*** RECORDS ***

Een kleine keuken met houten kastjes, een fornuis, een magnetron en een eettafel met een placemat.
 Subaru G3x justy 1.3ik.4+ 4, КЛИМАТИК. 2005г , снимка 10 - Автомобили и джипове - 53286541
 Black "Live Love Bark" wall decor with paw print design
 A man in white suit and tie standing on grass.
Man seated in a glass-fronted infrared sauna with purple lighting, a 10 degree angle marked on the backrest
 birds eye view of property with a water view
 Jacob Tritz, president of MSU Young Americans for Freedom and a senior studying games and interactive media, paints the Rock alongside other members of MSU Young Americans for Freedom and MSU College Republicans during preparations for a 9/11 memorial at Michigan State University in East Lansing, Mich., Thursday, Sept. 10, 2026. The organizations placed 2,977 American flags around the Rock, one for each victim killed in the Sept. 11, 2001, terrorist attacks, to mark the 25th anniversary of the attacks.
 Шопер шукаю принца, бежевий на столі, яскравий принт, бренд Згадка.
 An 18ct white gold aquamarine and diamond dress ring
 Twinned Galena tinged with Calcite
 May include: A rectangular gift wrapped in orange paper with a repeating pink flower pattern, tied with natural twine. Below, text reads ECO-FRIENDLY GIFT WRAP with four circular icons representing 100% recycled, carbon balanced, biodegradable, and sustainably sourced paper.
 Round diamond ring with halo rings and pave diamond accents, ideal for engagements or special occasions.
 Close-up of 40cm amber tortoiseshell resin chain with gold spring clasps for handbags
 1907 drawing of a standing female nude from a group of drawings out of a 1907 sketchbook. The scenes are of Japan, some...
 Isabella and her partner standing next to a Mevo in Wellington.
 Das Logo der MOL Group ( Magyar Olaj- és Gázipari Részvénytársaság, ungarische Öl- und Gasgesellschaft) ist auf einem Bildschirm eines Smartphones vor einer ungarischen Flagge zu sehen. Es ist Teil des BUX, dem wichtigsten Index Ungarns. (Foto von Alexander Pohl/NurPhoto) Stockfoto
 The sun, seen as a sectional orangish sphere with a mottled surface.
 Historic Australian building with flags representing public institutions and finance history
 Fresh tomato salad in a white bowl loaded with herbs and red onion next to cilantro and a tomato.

*** End of RECORDS ***

● **ASSIGNMENT**:
What you return should be the records above, repeated exactly.

● **RESULT**:
Een kleine keuken met houten kastjes, een fornuis, een magnetron en een eettafel met een placemat.
 Subaru G3x justy 1.3ik.4+ 4, КЛИМАТИК. 2005г , снимка 10 - Автомобили и джипове - 53286541
 Black "Live Love Bark" wall decor with paw print design
 A man in white suit and tie standing on grass.
Man seated in a glass-fronted infrared sauna with purple lighting, a 10 degree angle marked on the backrest
 birds eye view of property with a water view
 Jacob Tritz, president of MSU Young Americans for Freedom and a senior studying games and interactive media, paints the Rock alongside other members of MSU Young Americans for Freedom and MSU College Republicans during preparations for a 9/11 memorial at Michigan State University in East Lansing, Mich., Thursday, Sept. 10, 2026. The organizations placed 2,977 American flags around the Rock, one for each victim killed in the Sept. 11, 2001, terrorist attacks, to mark the 25th anniversary of the attacks.
 Шопер шукаю принца, бежевий на столі, яскравий принт, бренд Згадка.
 An 18ct white gold aquamarine and diamond dress ring
 Twinned Galena tinged with Calcite
 May include: A rectangular gift wrapped in orange paper with a repeating pink flower pattern, tied with natural twine. Below, text reads ECO-FRIENDLY GIFT WRAP with four circular icons representing 100% recycled, carbon balanced, biodegradable, and sustainably sourced paper.
 Round diamond ring with halo rings and pave diamond accents, ideal for engagements or special occasions.
 Close-up of 40cm amber tortoiseshell resin chain with gold spring clasps for handbags
 1907 drawing of a standing female nude from a group of drawings out of a 1907 sketchbook. The scenes are of Japan, some...
 Isabella and her partner standing next to a Mevo in Wellington.
 Das Logo der MOL Group ( Magyar Olaj- és Gázipari Részvénytársaság, ungarische Öl- und Gasgesellschaft) ist auf einem Bildschirm eines Smartphones vor einer ungarischen Flagge zu sehen. Es ist Teil des BUX, dem wichtigsten Index Ungarns. (Foto von Alexander Pohl/NurPhoto) Stockfoto
 The sun, seen as a sectional orangish sphere with a mottled surface.
 Historic Australian building with flags representing public institutions and finance history
 Fresh tomato salad in a white bowl loaded with herbs and red onion next to cilantro and a tomato.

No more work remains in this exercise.